Oral Presentation Society for Freshwater Science 2026 Annual Meeting

Partitioning assimilatory and dissimilatory processes in ammonium uptake in response to light availability and biofilm colonization using experimental streams (134983)

Anna Vincent 1 , Jennifer Tank 2 , Robert Hall 3
  1. Northwestern University, Evanston, IL, United States
  2. University of Notre Dame, South Bend, IN, United States
  3. Flatheat Lake Biological Station, Polson, MT

Stream biogeochemical cycling, including both assimilatory and dissimilatory processes, can be altered via the alleviation of a light limitation in open canopy streams. However, few studies have examined ammonium (NH4+-N) removal via both assimilatory and dissimilatory processes, and assessed the combined effects of light availability and biofilm growth on removal in the same experiment.
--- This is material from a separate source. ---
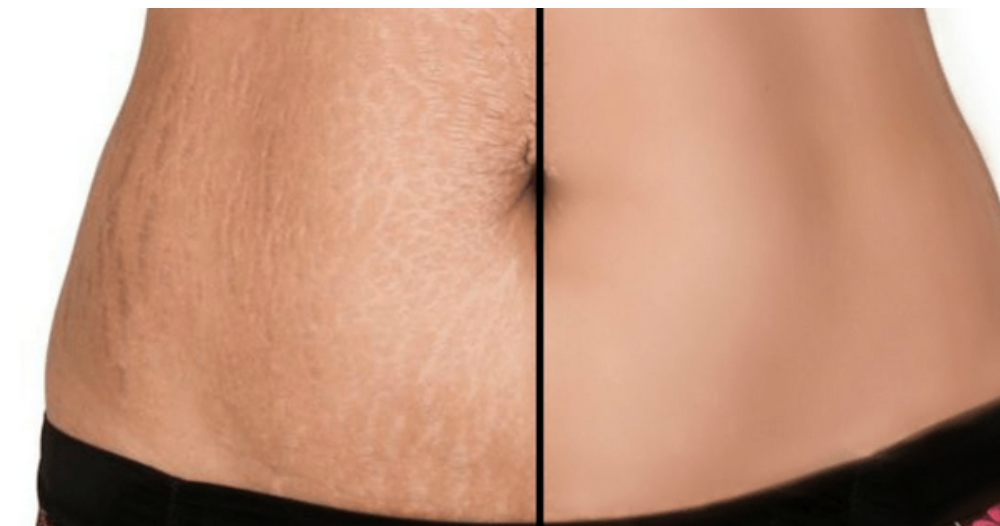 Simple Methods To Get Rid Of Stretch Marks From Your Body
Here, we quantified water column NH4+-N and nitrate (NO3--N) removal using n=176 short‐term additions in four experimental streams over two years. We developed a Bayesian multilevel model to assess the influence of light availability (via experimental shading) and biofilm colonization on NH4+-N and NO3--N removal rates, while also accounting for the simultaneous decline in NH4+-N and increase in NO3--N via the dissimilatory process of nitrification at the reach-scale. Using this approach, we can describe the effects of biofilm and light availability on both NH4+-N and NO3--N removal rates, while also providing estimates of reach-scale NO3--N production across a continuum of biofilm colonization and diel conditions that would inform the relative roles of these effects on inorganic N fluxes to downstream ecosystems. This method offers a new approach for quantifying nitrogen biogeochemical cycling in streams without the use of an isotopic 15N tracer and informs the variability around removal rates.